I love digging through archives. But there's no denying that some days are a little dull: after several unproductive hours you have to force your eyes to focus on the paperwork. And then occasionally, you turn up a document of real significance, one that wakes you up and transports you to another time and place.  I became very excited when I found this telegram in the County Record Office. It was sent by the owner of Leighton Hall -- Mr Charles Gillow -- to his land agent in Lancaster. It is dated and timed:  July 25th 1918 at 10.21 am -- three and a half months before the end of the First World War.  In 28 pencil-written words the message records with shock and anger the moment when Leighton Moss re-flooded.  For 80 years the Moss had been drained to grow arable crops and fodder. Now, Charles Gillow complained in the staccato tones of  the telegram: "Grisedale hay on moss under water. Pump not going. I consider Dawsons are responsible." For the landlord and his tenants it was a moment  of catastrophe.
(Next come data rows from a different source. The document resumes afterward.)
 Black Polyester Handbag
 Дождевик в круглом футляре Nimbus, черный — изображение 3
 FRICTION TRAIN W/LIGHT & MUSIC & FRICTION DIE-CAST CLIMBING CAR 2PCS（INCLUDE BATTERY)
Within months a lengthy legal battle was underway between Mr Gillow and the trustees of the neighbouring Dawson land who looked after the pump. The telegram is part of the jigsaw of evidence which explains why the Moss flooded again, and why the pump was never restarted. If it had been, there would be no Leighton Moss nature reserve today.  The full story is in Chapter 6 of my book 'Leighton Moss from Ice Age to Present Day', due to be launched on September 13. 

Bad News.  The July 1918 Telegram from Charles Gillow to his land agent Ernest Harrison in Lancaster. Note that the telegram was sent from the Post Office in Yealand Conyers: none of the Yealands now has a Post Office. Today the grim tidings would be conveyed by email. Not the same at all. And how will the historians of the future access them? (Courtesy Lancashire County Records)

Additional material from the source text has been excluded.